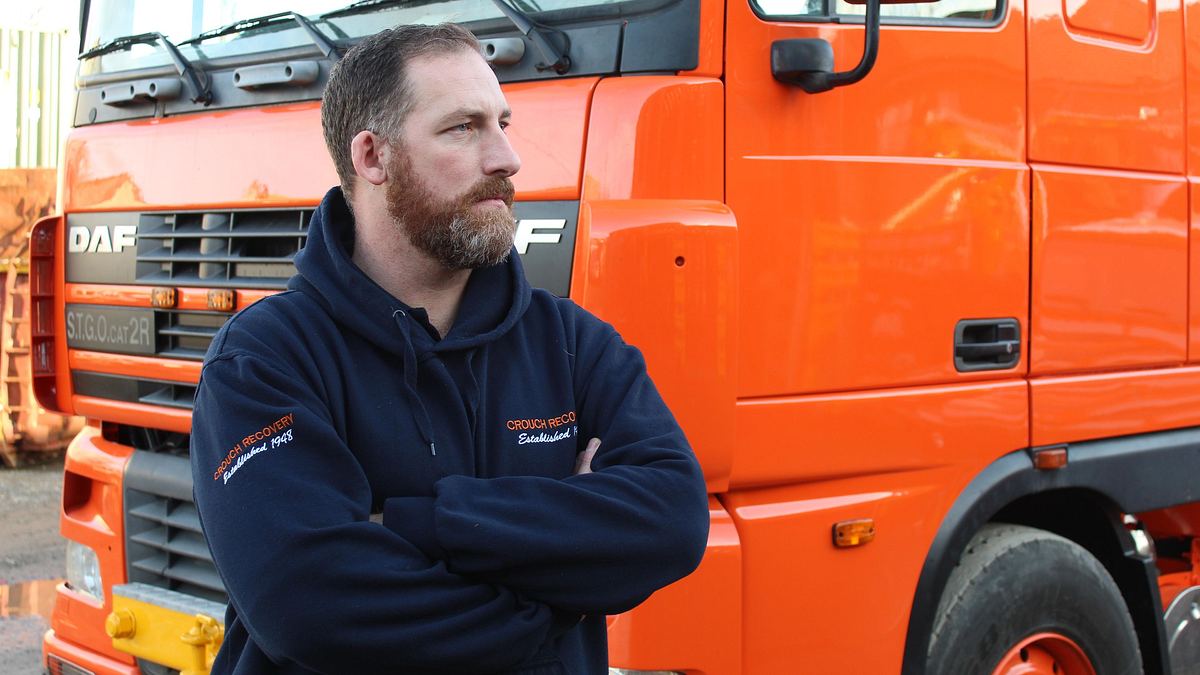 lkw-bergung extrem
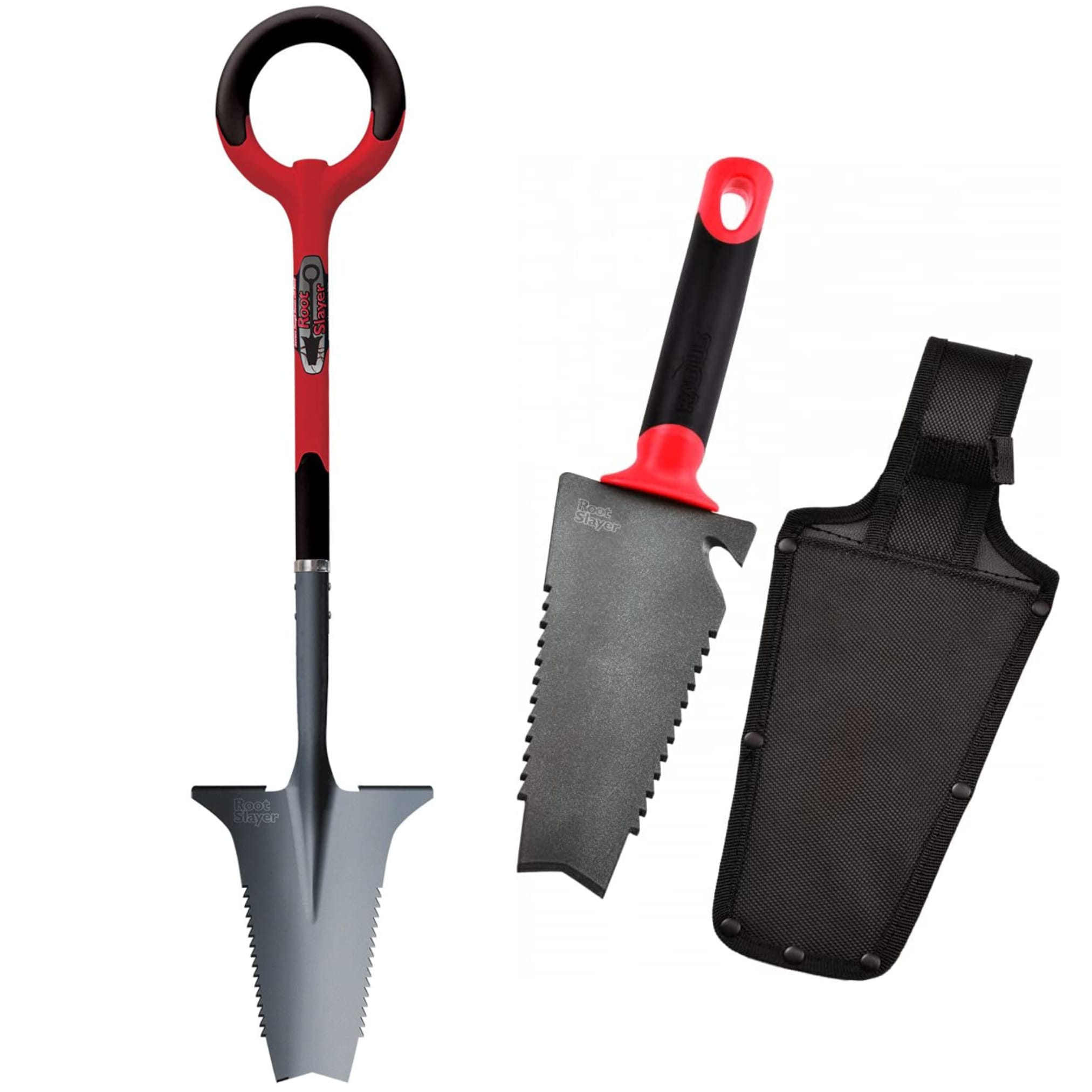 Root Slayer&reg; Radius Garden Wurzelspaten + Blumenkelle Root Slayer Set 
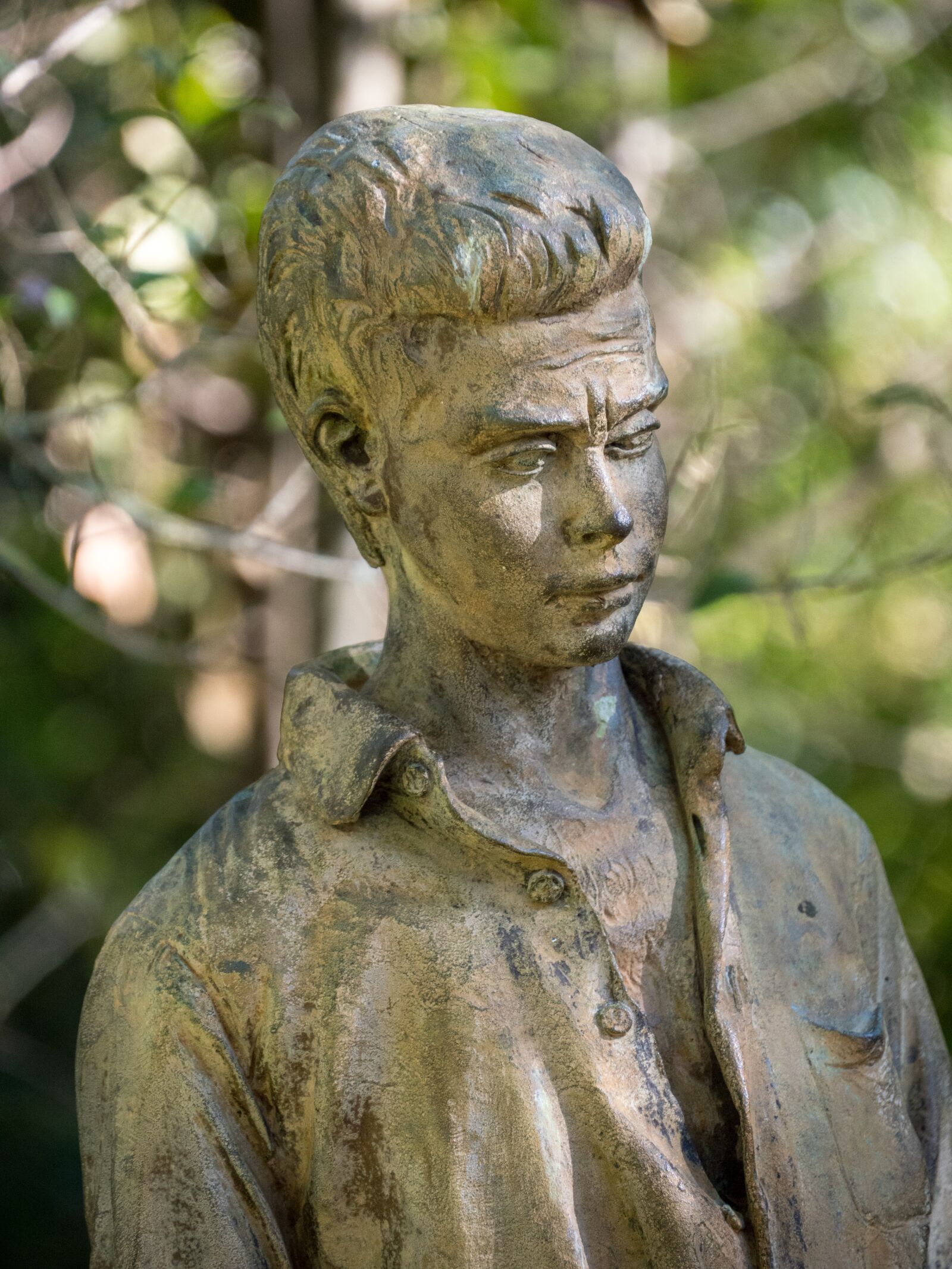 Panasonic Lumix DMC-GX8 sample photo. Sculpture, statue, art photography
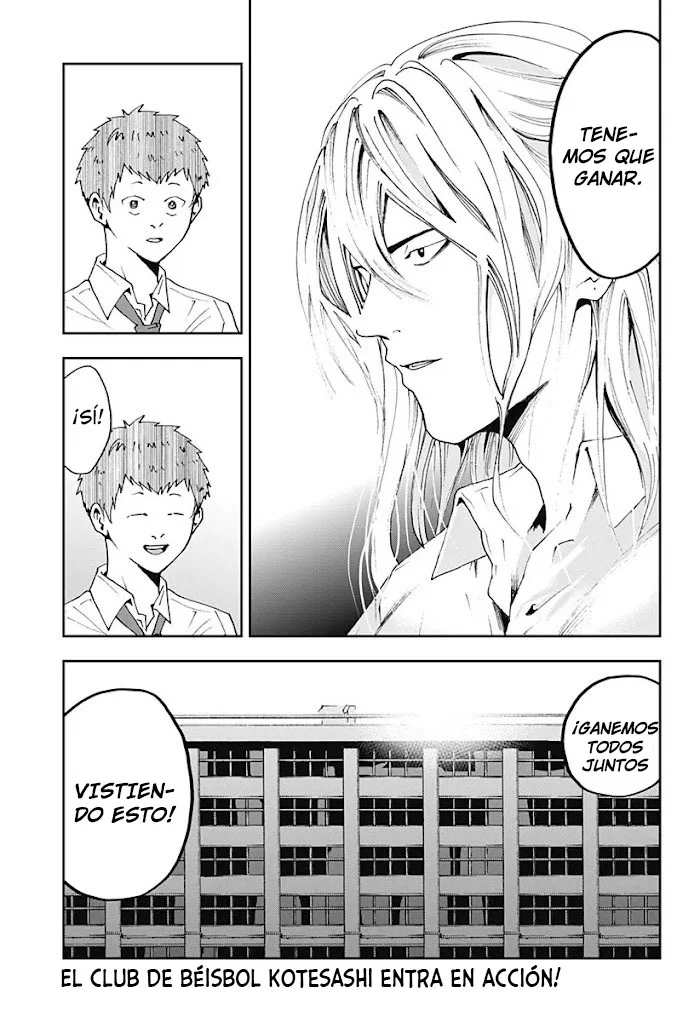Boukyaku Battery Capítulo 31 - Page 21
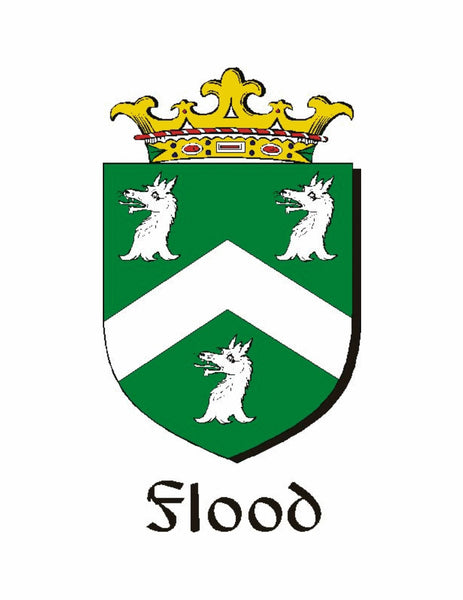 Flood Irish Coat of Arms Clip Tie Bar - ICTB10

..............................

Instructions to follow: Give all of the material again, exactly, apart from the pictures.

Exercise response:
 lkw-bergung extrem
 Root Slayer&reg; Radius Garden Wurzelspaten + Blumenkelle Root Slayer Set 
 Panasonic Lumix DMC-GX8 sample photo. Sculpture, statue, art photography
Boukyaku Battery Capítulo 31 - Page 21
 Flood Irish Coat of Arms Clip Tie Bar - ICTB10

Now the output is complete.